According to the U.S. Pipeline and Hazardous Materials Safety Administration (PHMSA), there were 6,335 reported pipeline incidents between 2005 and 2014, resulting in more than $5 billion in total damages and 152 fatalities. These failures result from a variety of causes, ranging from corrosion to cracking and accidental physical damage.

Axial cracks are a significant factor in many pipeline failures; material and weld failures were implicated in 36% of pipeline incidents between 2006 and 2010. This risk increases as pipelines continue to age. Vintage electric resistance welded (ERW) pipe prior to the 1970s, which is still used for many oil and gas transmission pipelines, is especially vulnerable to axial crack growth along the weld bondline as the asset ages.

Anatomy Of An Axial Crack

Axial cracks extend lengthwise along the pipe. Many of these cracks are invisible to the naked eye, but over time they can threaten the integrity of the pipe and raise the risk of pipeline failure. A small, shallow crack typically presents little to no risk to immediate operations. But once cracking has initiated, continued stress and strain from normal pipeline operation may cause the crack to continue to develop until failure occurs.

There are several ways that axial cracks can develop initially. Thermal and mechanical fatigue caused by cyclical operating pressures and cycles of freezing and thawing may weaken pipes and cause cracking over time.

Older ERW and flash-welded pipes are especially prone to this cracking and associated failures along the seam caused by thermal and mechanical stress. Those cracks that propagate in or along the seam include cold welds, hook cracks, and selective seam weld corrosion with cracking.

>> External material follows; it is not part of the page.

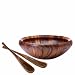 Dansk Wood Classics 16-Inch Round Salad Bowl with Servers, Set of 3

The nearby table summarizes these anomalies. Steel pipes are also susceptible to stress-corrosion cracking (SCC) fields, which can develop on the external side of the pipe when high-stress conditions combine with a highly corrosive environment. Hydrogen-induced cracking (HIC) develops when chemical compounds interact with the pipeline material or coatings, causing blisters to form, which promote crack growth. SCC and HIC may cross into the seam but exist over a cross section, and not just propagate along the seam bondline.

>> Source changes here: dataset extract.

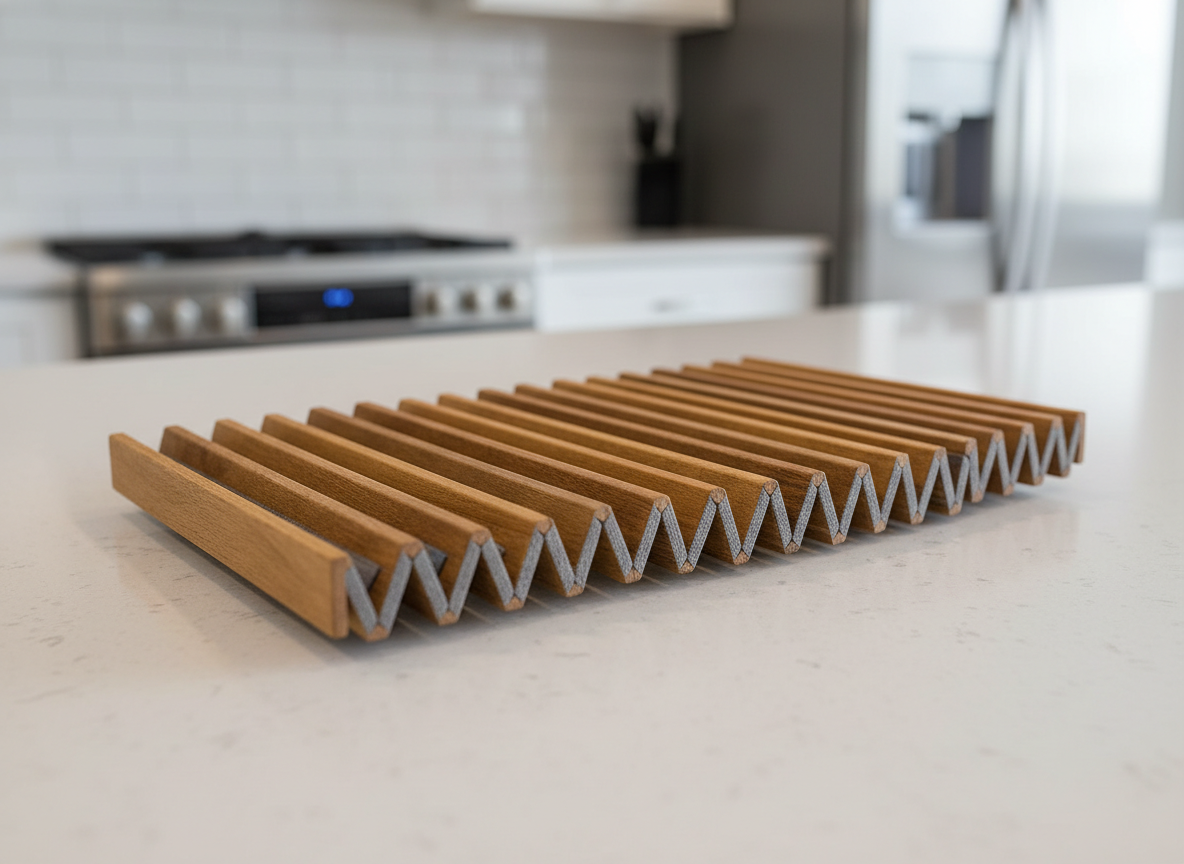 A generic expandable concertina-style trivet opened out in a fan shape on a kitchen worktop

The timeline for development of a crack depends on several variables including crack geometry, crack depth, pipe material, material thickness, operating pressures and environmental conditions. Predictions of crack development must take all of these factors into account.

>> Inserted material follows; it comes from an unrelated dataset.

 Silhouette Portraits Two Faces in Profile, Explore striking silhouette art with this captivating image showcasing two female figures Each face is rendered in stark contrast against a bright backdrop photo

Testing And Inspection Limits

To reduce the risk of these failures, pipeline operators must monitor their assets for axial cracks and other flaws. This is generally done with a combination of hydrostatic testing, in-line inspection (ILI) and in-the-ditch non-destructive examination (NDE) characterization techniques.

Hydrostatic testing can help detect near-critical axial cracks and other near-critical defects.

In a hydrostatic test, pipelines are tested by pressuring them with water, typically to pressures above their maximum allowable operating pressure (MAOP) for at least 10 minutes or up to 24 hours. The pipe is tested for leaks, crack development and plastic deformation under the higher pressure. Known axial cracks within the pipeline are inspected to determine if the higher pressure causes accelerated development; if no change occurs in the crack during the test, the pipeline is assumed to be safe for continued operation. Periodic hydrostatic testing of certain pipelines is required under PHMSA’s 49 CFR 192 and 195 regulations.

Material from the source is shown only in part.